SURREALIST ART
1924 - 1965
If Dada redefined art as an intellectual exercise, Surrealism redefined how we expressed thought. Dada artists slipped easily into this new art form. For them, the journey between conscious and subconscious was a short trip.
As the work of Sigmund Freud brought the subconscious world to light, the Surrealist Manifesto, written by Andre Breton in 1924, questioned the reality of rational thought. Where Freud sought to cure neurosis, the Surrealists celebrated it. Yvan Goll published his own Surrealist Manifesto in the same year and clashed openly with Breton. Breton won the battle and became the leader of this quarrelsome clique.

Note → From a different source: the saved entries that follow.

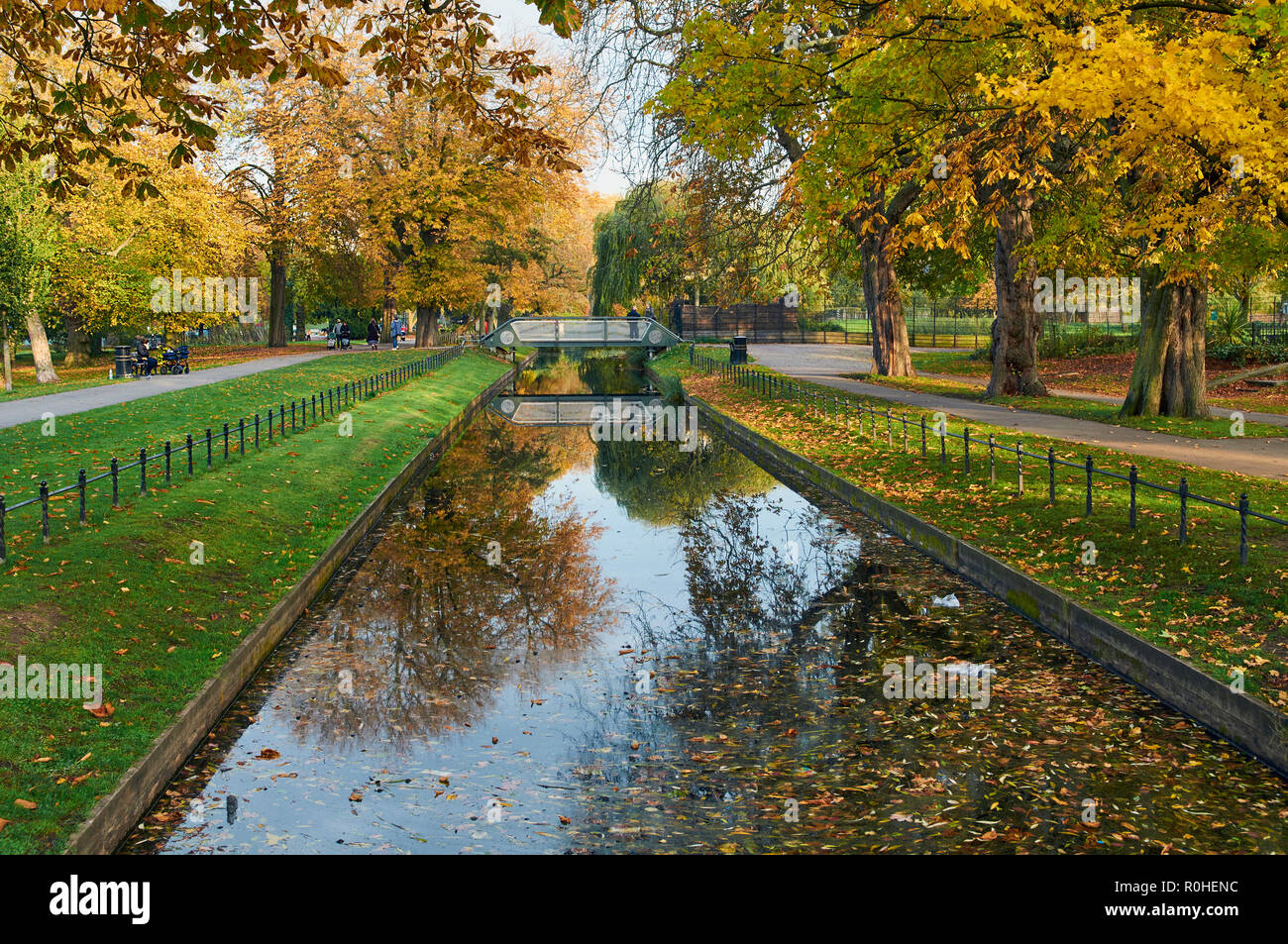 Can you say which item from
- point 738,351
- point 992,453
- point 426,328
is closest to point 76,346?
point 426,328

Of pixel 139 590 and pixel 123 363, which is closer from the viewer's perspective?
pixel 139 590

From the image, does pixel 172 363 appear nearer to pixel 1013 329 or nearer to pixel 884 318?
pixel 884 318

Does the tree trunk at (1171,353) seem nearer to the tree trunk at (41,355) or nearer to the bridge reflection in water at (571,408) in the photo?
the bridge reflection in water at (571,408)

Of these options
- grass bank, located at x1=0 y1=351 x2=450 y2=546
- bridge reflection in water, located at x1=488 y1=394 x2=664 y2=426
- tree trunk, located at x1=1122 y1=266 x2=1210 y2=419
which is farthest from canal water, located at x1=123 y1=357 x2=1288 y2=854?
bridge reflection in water, located at x1=488 y1=394 x2=664 y2=426

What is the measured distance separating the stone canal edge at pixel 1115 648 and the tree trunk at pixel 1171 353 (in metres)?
11.0

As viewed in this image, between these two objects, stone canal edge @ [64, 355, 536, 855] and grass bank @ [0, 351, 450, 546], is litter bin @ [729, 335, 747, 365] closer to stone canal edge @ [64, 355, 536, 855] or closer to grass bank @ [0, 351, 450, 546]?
grass bank @ [0, 351, 450, 546]

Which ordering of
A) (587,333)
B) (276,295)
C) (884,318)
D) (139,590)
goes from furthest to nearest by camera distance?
1. (587,333)
2. (276,295)
3. (884,318)
4. (139,590)

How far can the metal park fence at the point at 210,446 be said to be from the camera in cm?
1230

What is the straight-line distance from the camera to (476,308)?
77500 mm

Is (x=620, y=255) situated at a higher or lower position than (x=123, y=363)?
higher

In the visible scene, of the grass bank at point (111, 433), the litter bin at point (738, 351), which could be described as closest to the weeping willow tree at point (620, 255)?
the litter bin at point (738, 351)

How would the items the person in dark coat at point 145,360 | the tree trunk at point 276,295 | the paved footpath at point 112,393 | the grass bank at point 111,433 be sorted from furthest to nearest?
the tree trunk at point 276,295
the person in dark coat at point 145,360
the paved footpath at point 112,393
the grass bank at point 111,433

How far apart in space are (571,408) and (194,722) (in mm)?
29616

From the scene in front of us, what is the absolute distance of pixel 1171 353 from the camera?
2467cm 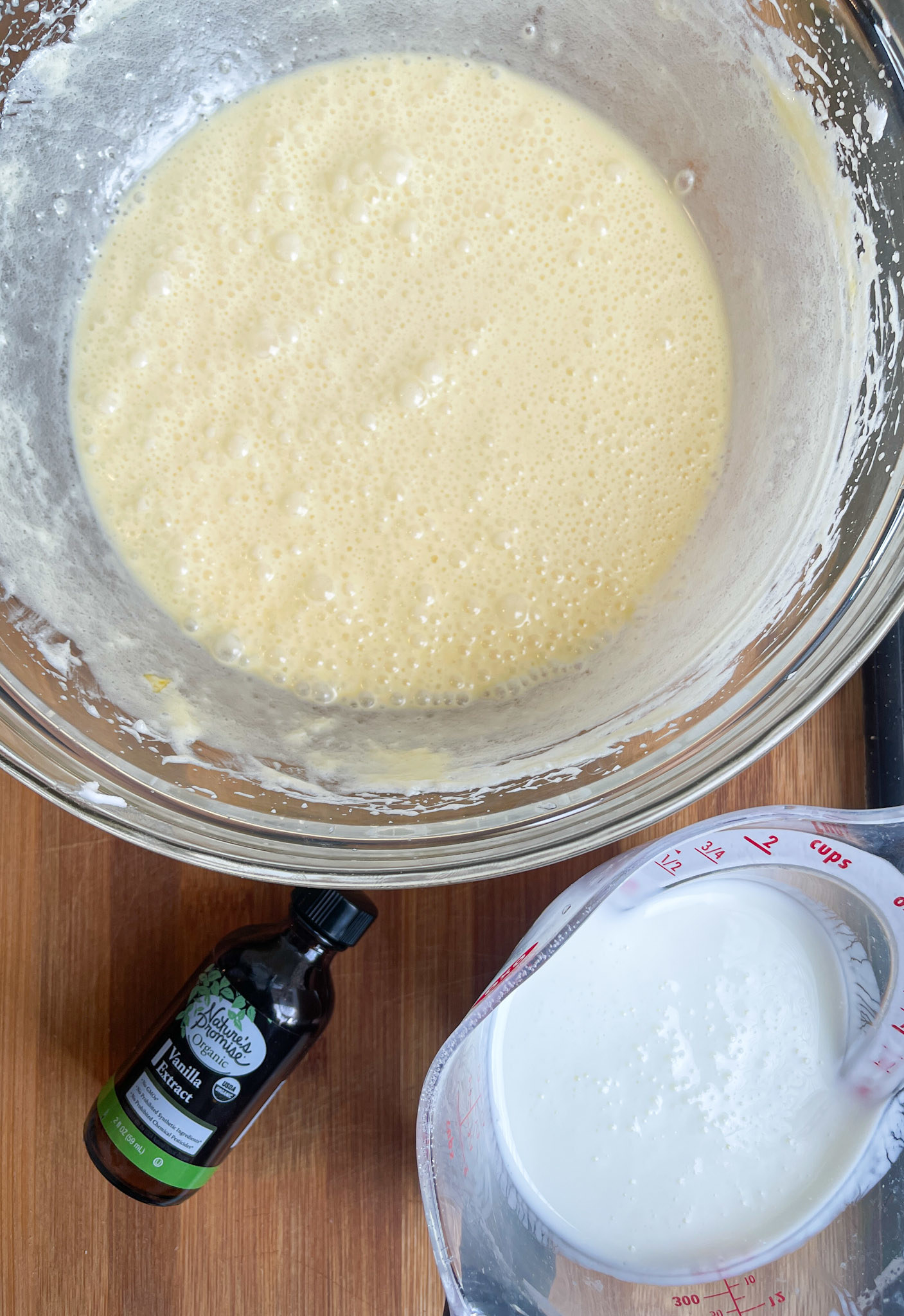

Surrealist art became a world where subconscious thoughts replaced facts and reality. Clocks no longer had to be solid objects, they could melt into liquid forms. People and animals took on bizarre new shapes. It was a world of surprise where things were totally out of sync with real life. Surrealists let their imaginations become their reality. They also exhibited a strange sexuality. Many Surrealists admired the sexually explicit French philosopher Marquis de Sade.
Where the Romantics had once painted lyrical landscapes, Max Ernst painted a forest of bizarre, abstract trees in "Forest and Dove."
Where Monet had once painted the serene "Water Lilies," Andre Masson now gave us visions of his subconscious mind in his "Automatic Drawing."
Famed Surrealist, Salvador Dali once said, βThe difference between a madman and me is I am not mad.β A rational world had become mad around him and dissolved in repeated world wars. Why should artists trust reality when their subconscious minds offered so many more intriguing possibilities?